[Records provided]

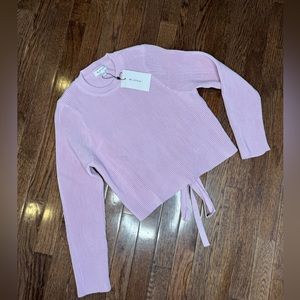 Re_Styld Pink Ribbed Cross Back Sweater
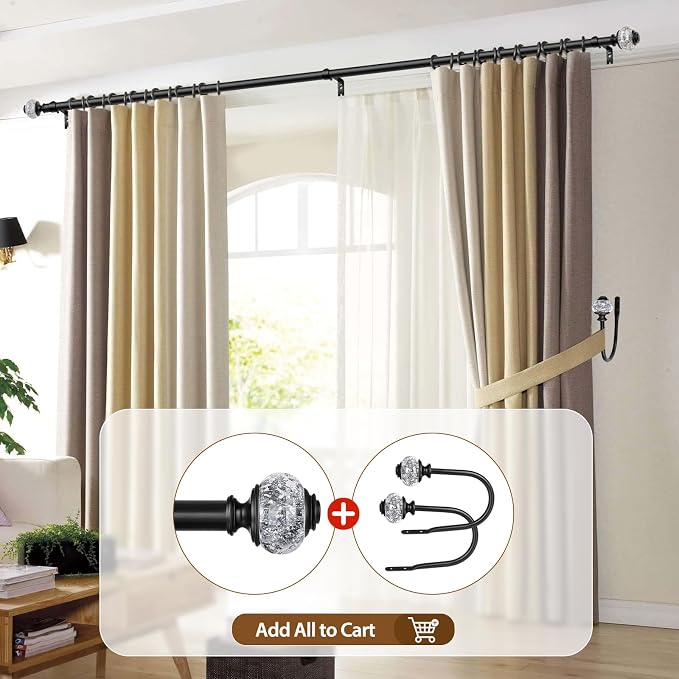 Black Curtain Rods 32 to 58 Inches, USFOOK 7/8 Inch Telescoping Splicing - Image 6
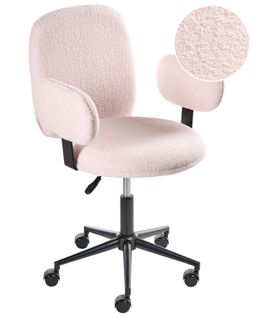 Chaise De Bureau Moraga Bouclé Rose Pastel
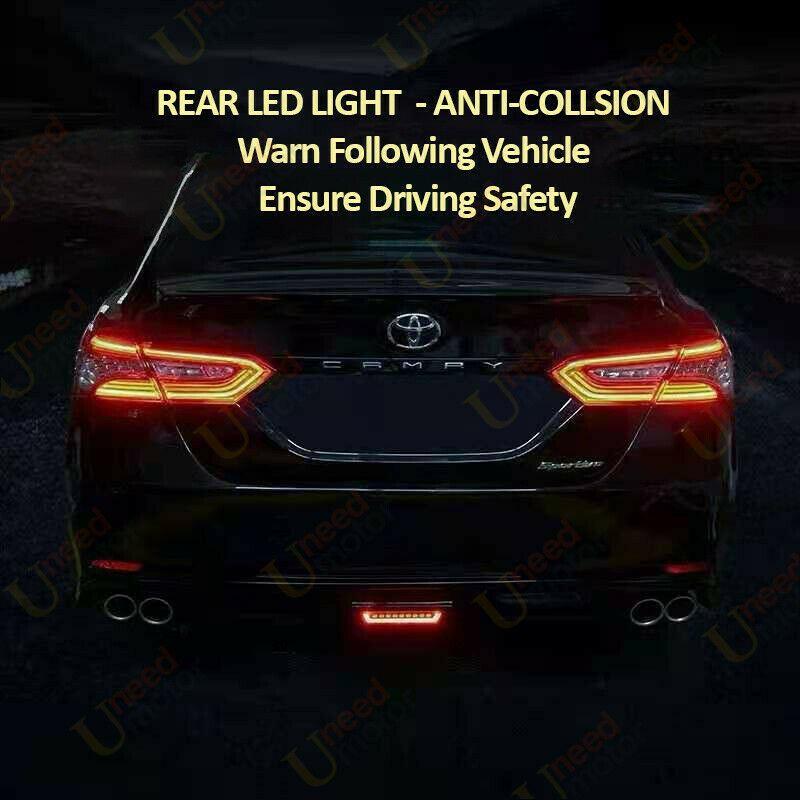 Fit 2018-2024 Toyota Camry Rear Bumper Lip Spoiler Lower Diffuser with LED Light - Image 4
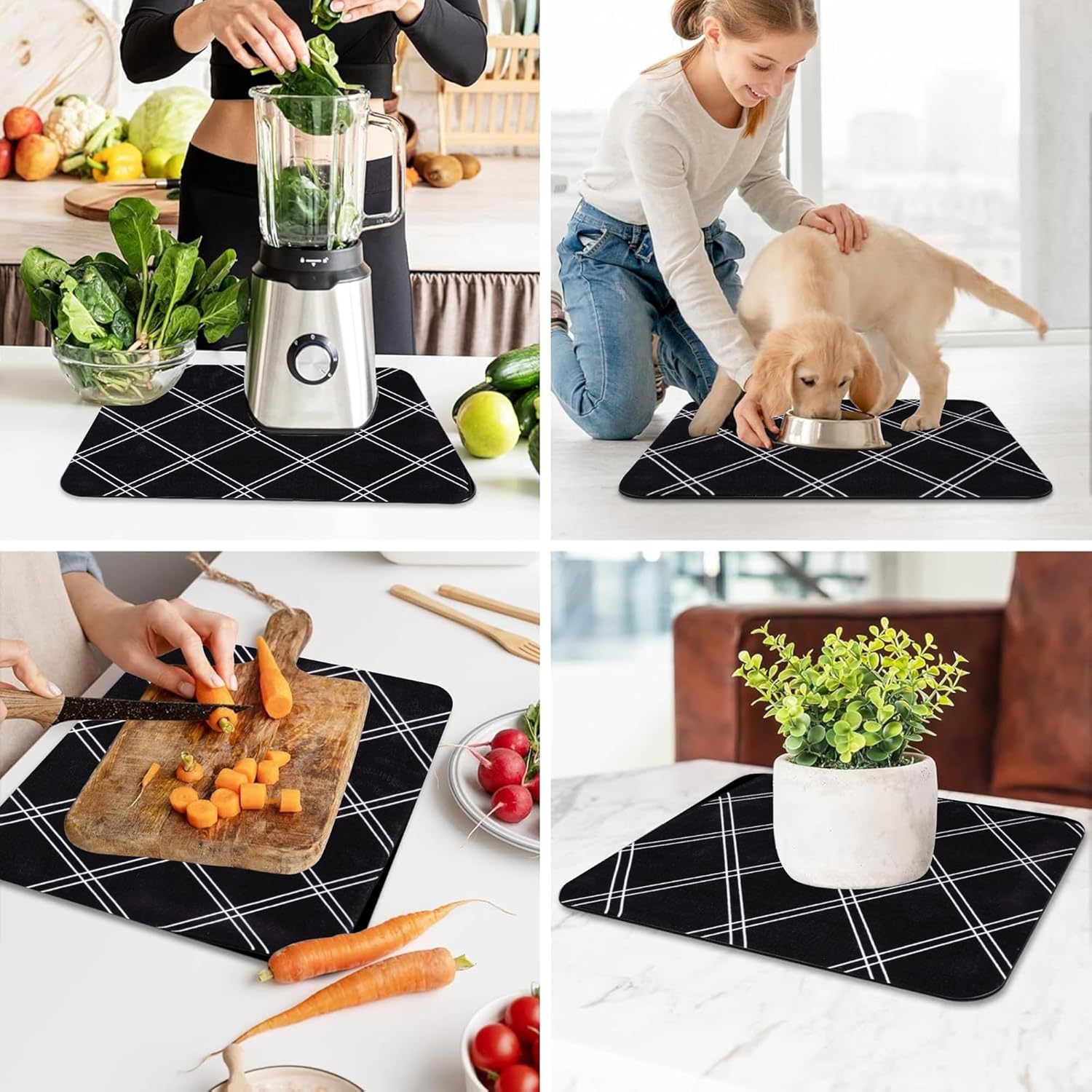 Cutting EDGE Microfiber Dish Drying Mat – Water Absorbent & Reversible for Kitchen Utensils, Counter Top, Sink (Pack of 2, 50CM X 38CM, White & Black Combo)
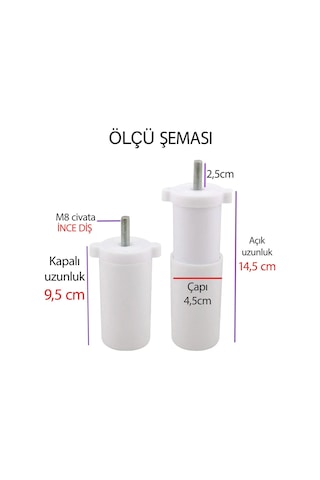 4 Adet Destek Ayağı 9,5-14,5 Cm Beyaz Ve 4 Adet Metal Düz Ayak Tabanı M8 Civatalı İnce Diş Mobilya Kanepe Baza Koltuk Seti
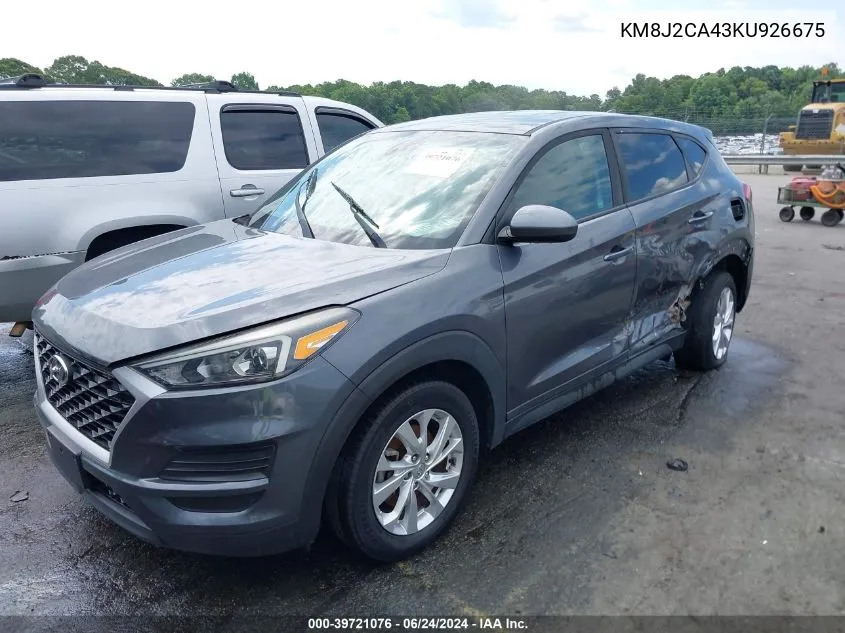 2019 Hyundai Tucson Se VIN: KM8J2CA43KU926675 Lot: 39721076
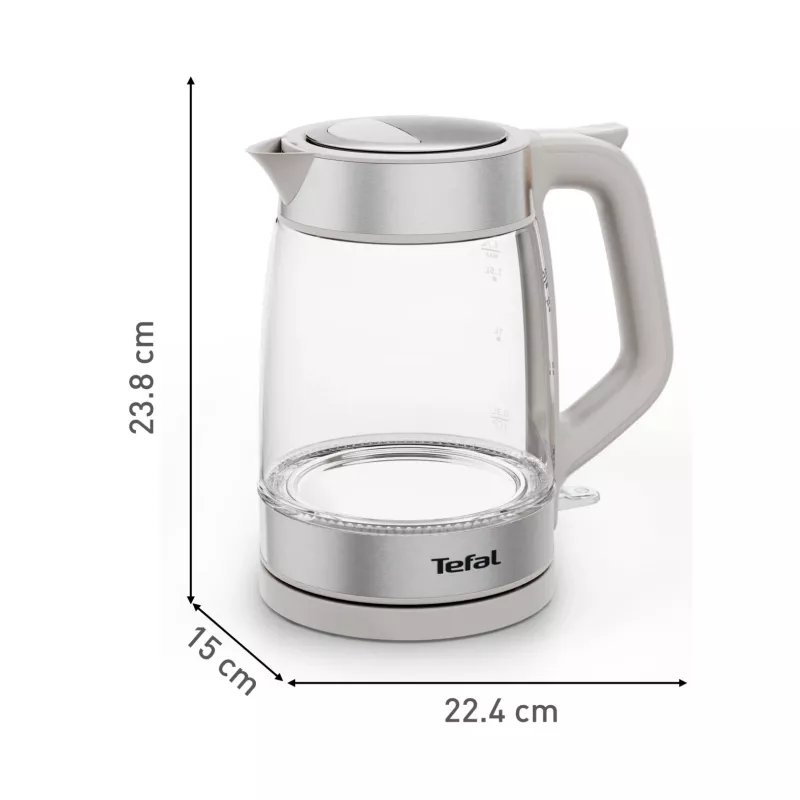 Bollitore in vetro Tefal KI605B30 bollitore elettrico 1,7 L 2200 W grigio, argento, trasparente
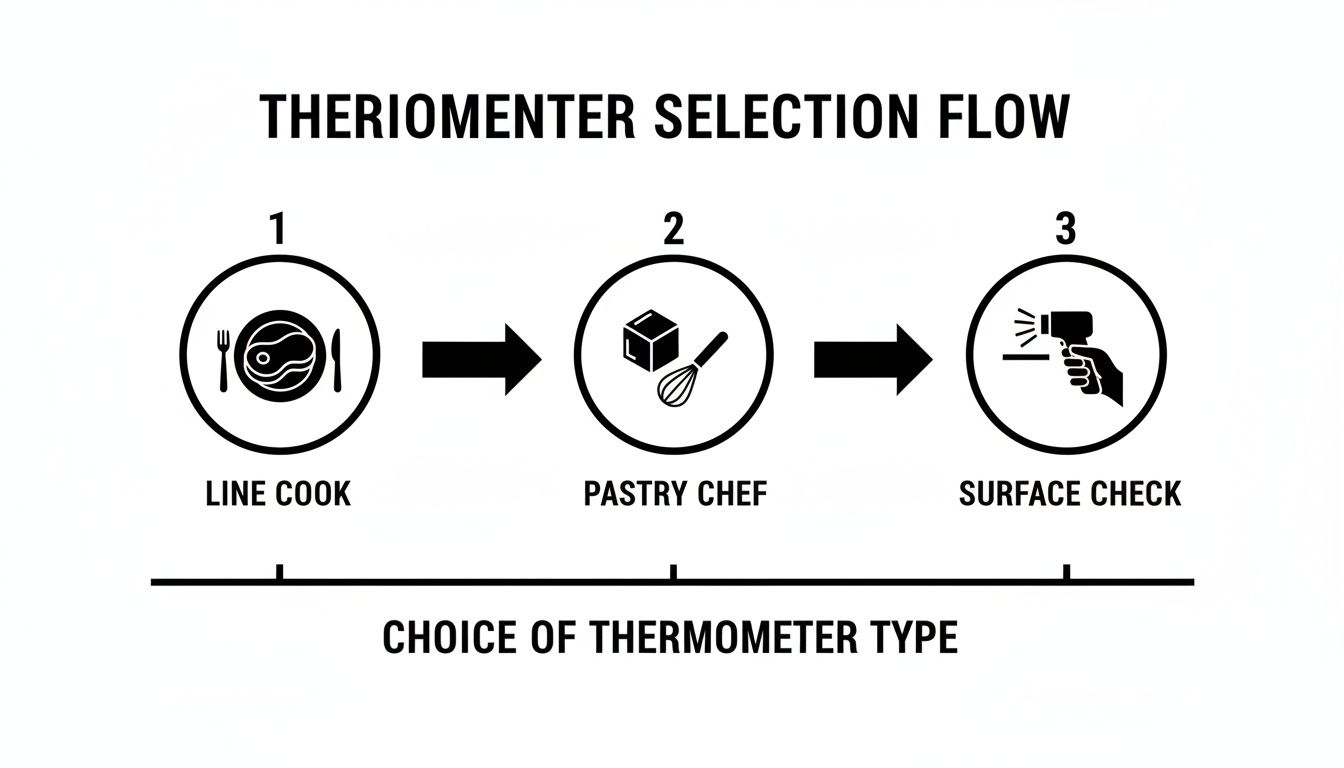 Flowchart illustrating thermometer selection for line cook, pastry chef, and surface checks, guiding choice of thermometer type.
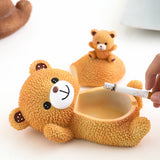 smokeless ashtray cute animal ash tray with lid bear cat dog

[/Records provided]

**Problem statement**.
Your answer must be exactly the lines from the one with "Bollitore in vetro" through the last line of the entries, both included, with no pictures; please add nothing else.

**Written answer**.
 Bollitore in vetro Tefal KI605B30 bollitore elettrico 1,7 L 2200 W grigio, argento, trasparente
 Flowchart illustrating thermometer selection for line cook, pastry chef, and surface checks, guiding choice of thermometer type.
 smokeless ashtray cute animal ash tray with lid bear cat dog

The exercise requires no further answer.